## Cost Simulator

This notebook estimates the costs of a JupyterHub on an autoscaling k8s cluster on the clouds.

Let's get an idea of what is JupyterHub and Kubernetes.

- [JupyterHub](https://github.com/jupyterhub/jupyterhub) is a multi-user Hub that spawns, manages, multiple instances of the single-user Jupyter notebook server.
- [Kubernetes](https://kubernetes.io/docs/concepts/) (commonly stylized as k8s)
is a popular open source platform which allows users to build application services across multiple containers, schedule those containers across a cluster, scale those containers, and manage the health of those containers over time. 

#### JupyterHub Distribution

1. If you need a simple case for a small amount of users (0-100) and single server then use, [The Littlest JupyterHub distribution](https://github.com/jupyterhub/the-littlest-jupyterhub).
1. If you need to allow for even more users, a dynamic amount of servers can be used on a cloud, with [The Zero to JupyterHub with Kubernetes](https://z2jh.jupyter.org/en/latest/). 
    For documentation on deploying JupyterHub on Kubernetes refer to: [Deploy a JupyterHub on Kubernetes](https://github.com/jupyterhub/zero-to-jupyterhub-k8s)

We are focussed on the deployment of JupyterHub with Kubernetes so, let's get familiar with Kubernetes terminology for a better understanding of the simulation process:

- Node: 
A node is a single machine with a set of CPU/RAM resources that can be utilized. A cluster in kubernetes is a group of nodes. 
 - Kubernetes will **automatically scale up** your cluster as soon as you need it, and **scale it back down** when you don't need it.
- User pod:
A Pod is the smallest and simplest unit in the Kubernetes object model that you create or deploy. It represents processes running on your Cluster. 
 - JupyterHub will **automatically delete** any user pods that have no activity for a period of time. This helps free up computational resources and keeps costs down if you are using an autoscaling cluster.
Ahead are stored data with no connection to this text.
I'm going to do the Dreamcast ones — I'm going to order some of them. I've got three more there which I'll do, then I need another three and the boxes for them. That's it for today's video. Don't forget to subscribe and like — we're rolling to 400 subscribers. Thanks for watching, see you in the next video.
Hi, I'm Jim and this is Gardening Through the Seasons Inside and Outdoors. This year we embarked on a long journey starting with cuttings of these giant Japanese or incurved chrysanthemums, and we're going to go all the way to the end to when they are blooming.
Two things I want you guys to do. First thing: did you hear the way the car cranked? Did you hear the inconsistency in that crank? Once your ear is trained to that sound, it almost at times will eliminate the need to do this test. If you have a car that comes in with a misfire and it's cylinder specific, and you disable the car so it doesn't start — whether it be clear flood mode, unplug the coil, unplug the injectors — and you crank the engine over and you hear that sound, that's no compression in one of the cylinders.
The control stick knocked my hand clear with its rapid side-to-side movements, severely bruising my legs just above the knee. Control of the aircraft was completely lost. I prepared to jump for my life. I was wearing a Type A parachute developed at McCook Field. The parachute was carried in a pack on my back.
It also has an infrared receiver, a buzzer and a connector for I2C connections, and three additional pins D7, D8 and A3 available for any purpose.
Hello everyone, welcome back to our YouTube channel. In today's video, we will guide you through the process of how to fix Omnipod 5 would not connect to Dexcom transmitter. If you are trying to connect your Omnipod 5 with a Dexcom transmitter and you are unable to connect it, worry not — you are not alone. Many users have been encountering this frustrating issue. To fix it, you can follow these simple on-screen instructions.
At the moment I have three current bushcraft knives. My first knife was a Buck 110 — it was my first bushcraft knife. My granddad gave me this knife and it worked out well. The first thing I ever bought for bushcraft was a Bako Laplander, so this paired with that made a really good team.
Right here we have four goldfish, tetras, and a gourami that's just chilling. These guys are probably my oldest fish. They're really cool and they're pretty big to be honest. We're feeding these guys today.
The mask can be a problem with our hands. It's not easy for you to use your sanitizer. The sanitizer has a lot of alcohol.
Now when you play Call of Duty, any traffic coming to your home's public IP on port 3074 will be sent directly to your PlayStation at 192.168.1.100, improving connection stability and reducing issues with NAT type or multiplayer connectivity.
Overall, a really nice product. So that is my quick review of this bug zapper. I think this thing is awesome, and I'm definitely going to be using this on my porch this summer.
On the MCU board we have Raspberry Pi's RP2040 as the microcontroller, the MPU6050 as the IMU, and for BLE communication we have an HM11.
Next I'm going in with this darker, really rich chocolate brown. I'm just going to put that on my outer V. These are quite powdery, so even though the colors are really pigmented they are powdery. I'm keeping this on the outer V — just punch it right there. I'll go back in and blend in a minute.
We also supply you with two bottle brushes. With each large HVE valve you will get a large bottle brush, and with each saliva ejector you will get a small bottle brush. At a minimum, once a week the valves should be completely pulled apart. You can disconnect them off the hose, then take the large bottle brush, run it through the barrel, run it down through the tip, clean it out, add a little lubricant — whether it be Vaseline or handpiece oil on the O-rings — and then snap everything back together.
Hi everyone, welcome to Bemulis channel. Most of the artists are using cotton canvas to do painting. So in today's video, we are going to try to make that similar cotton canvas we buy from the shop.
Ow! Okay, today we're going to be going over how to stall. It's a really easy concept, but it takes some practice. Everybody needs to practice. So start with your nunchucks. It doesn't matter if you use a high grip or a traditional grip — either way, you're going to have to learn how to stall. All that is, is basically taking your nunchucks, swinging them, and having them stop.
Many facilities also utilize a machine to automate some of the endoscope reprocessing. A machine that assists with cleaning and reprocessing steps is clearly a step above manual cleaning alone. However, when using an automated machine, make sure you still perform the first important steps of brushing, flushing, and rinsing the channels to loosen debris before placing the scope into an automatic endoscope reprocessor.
#### Input provided to the simulation
- Users with their minute by minute activity - It is generated by using the data of number of users estimated to use the Jupyterhub hour by hour.
- Configurations about the Node(memory/CPU), user pod(memory/CPU) and the cost per month.

#### Output of the simulation
- The data of minute by minute utilization of the cluster.
- The graph helps to visualize the utilization of the cluster for any day of the week.


In [None]:
# autoreload allows us to make changes to the z2jh_cost_simulator package
# and workaround a caching of the module, so our changes can be seen.
%load_ext autoreload
%autoreload 2

In [None]:
#Import the simulator.py and generate_user_activity modules from the z2jh_cost_simulator package

from z2jh_cost_simulator import simulator
from z2jh_cost_simulator import generate_user_activity

## Set the configurations for the simulation.
1. Info about a single node pool where users reside
    - CPU / Memory, for example 4 CPU cores / 26 GB memory node
    - Autoscaling limits, for example 0-5 nodes
    - Cost, for example 120 USD / month and node
    - Cluster autoscaler details, how long of node inactivity is required(10 minutes) 
1. Info about the resource requests (guaranteed resources) for the users
1. How much time before a user pod is culled by inactivity 
1. The max lifetime for the user pod before it can be culled down.


In [None]:
import ipywidgets as widgets
from ipywidgets import Layout, VBox

style_for_widget = {"description_width": "250px"}
layout_for_widget = {"width": "500px"}
box_layout = Layout(border="solid", width="600px")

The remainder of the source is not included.